6. Indien de werkgever onderdeel is van een groep als bedoeld in artikel 5, zevende lid, of indien de werkgever meerdere loonheffingennummers heeft, wordt hetzelfde percentage, bedoeld in het vierde lid, onderdeel a, alsook dezelfde omzetperiode, bedoeld in het vierde lid, onderdeel b, voor alle rechtspersonen en vennootschappen binnen de groep respectievelijk de loonheffingennummers gehanteerd.

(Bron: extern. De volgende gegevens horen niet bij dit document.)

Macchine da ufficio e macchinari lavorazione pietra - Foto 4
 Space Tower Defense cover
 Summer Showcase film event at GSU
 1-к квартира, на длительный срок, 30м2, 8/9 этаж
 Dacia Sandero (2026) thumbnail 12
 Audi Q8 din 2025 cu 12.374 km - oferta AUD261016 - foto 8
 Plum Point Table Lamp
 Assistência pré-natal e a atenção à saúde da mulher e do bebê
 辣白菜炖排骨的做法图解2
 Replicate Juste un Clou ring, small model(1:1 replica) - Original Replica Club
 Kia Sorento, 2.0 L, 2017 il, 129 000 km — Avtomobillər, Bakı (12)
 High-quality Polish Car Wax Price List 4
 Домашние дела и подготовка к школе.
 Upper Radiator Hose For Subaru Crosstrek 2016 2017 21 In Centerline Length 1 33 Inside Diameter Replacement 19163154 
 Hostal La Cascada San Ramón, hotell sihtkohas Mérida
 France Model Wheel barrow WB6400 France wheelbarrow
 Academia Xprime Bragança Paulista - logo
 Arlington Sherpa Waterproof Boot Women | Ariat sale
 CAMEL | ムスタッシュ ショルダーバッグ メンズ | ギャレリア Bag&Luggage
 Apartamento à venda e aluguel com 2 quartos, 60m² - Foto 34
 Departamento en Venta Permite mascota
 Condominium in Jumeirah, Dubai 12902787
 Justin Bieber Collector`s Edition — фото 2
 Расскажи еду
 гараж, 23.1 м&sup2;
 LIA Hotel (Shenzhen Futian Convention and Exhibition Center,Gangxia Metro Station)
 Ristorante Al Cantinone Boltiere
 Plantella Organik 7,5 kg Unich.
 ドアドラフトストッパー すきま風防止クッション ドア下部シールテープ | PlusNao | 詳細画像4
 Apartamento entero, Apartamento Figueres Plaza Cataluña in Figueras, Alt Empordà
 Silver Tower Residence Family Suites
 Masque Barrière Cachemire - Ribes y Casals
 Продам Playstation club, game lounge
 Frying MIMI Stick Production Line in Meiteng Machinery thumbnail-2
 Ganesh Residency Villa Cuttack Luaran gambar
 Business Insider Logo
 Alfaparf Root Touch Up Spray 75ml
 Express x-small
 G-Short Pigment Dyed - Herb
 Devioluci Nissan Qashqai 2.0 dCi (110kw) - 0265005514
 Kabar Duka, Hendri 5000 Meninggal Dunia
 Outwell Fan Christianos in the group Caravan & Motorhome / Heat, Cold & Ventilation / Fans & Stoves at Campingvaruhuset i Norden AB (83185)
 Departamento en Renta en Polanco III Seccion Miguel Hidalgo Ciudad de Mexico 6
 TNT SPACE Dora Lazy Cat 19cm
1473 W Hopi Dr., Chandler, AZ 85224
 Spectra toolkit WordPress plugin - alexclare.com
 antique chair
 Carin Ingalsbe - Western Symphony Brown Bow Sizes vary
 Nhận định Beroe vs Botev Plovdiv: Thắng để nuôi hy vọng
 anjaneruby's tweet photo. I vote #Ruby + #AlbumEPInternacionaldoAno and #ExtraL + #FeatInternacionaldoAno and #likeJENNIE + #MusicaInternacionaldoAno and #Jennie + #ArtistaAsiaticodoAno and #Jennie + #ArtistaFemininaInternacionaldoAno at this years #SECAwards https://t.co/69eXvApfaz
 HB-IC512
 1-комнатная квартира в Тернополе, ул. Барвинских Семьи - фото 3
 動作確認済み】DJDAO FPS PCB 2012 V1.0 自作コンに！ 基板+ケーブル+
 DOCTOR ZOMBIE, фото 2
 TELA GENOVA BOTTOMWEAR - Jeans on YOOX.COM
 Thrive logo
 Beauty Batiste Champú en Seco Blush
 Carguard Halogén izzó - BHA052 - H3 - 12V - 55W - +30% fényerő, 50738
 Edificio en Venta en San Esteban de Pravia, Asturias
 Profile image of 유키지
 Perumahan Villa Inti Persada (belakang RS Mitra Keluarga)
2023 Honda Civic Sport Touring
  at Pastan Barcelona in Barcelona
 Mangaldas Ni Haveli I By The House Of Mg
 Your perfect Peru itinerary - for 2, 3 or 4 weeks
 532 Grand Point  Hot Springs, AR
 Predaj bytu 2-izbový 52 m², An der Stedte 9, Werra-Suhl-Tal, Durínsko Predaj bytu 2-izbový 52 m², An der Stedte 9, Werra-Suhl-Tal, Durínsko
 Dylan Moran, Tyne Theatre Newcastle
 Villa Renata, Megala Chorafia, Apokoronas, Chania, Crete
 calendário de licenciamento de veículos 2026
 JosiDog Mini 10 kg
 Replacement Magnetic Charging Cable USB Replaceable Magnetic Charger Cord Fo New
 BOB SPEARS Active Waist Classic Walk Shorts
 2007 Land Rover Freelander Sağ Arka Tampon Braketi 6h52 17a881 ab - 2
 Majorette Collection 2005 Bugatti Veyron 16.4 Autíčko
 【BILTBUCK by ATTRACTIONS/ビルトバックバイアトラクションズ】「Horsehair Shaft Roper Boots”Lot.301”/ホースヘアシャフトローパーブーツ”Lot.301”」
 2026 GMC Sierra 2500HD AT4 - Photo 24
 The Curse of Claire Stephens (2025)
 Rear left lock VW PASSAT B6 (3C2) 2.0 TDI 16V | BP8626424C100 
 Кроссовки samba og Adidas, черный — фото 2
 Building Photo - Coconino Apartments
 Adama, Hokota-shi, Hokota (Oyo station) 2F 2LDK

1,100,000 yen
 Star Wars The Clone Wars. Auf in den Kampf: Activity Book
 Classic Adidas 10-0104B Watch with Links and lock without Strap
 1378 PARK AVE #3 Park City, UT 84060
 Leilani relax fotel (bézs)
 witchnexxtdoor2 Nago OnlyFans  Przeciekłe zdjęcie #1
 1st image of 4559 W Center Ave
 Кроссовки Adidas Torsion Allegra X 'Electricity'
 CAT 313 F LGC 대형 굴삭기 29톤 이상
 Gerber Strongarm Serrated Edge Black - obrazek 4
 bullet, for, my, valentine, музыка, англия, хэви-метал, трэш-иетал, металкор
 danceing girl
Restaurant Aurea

In afwijking van de eerste zin hoeft voor de werkgever die onderdeel is van een groep als bedoeld in artikel 5, zevende lid, niet hetzelfde percentage, bedoeld in het vierde lid, onderdeel a te worden gehanteerd als het percentage dat voor de groep wordt gehanteerd, als de werkgever bij de aanvraag tot vaststelling verzoekt artikel 6 toe te passen.
7. De subsidieaanvraag wordt elektronisch gedaan, tenzij op www.uwv.nl kenbaar wordt gemaakt dat een schriftelijke subsidieaanvraag ook mogelijk is.
8. Door het indienen van een aanvraag stemt de werkgever ermee in dat de volgende gegevens uit het subsidiedossier openbaar gemaakt kunnen worden:
a. de naam en de vestigingsplaats van werkgever;
b. het verstrekte voorschot; en
c. de vastgestelde subsidie.
Vierde Tranche
Artikel 18. Voorwaarden voor subsidieverlening
De Minister kan op grond van dit hoofdstuk aan een werkgever, die gedurende een aaneengesloten periode van drie kalendermaanden in de periode van 1 januari 2021 tot en met 31 mei 2021 verwacht te worden geconfronteerd met een daling van de omzet van ten minste 20%, per loonheffingennummer een subsidie verlenen over de loonsom in de periode van 1 januari 2021 tot en met 31 maart 2021.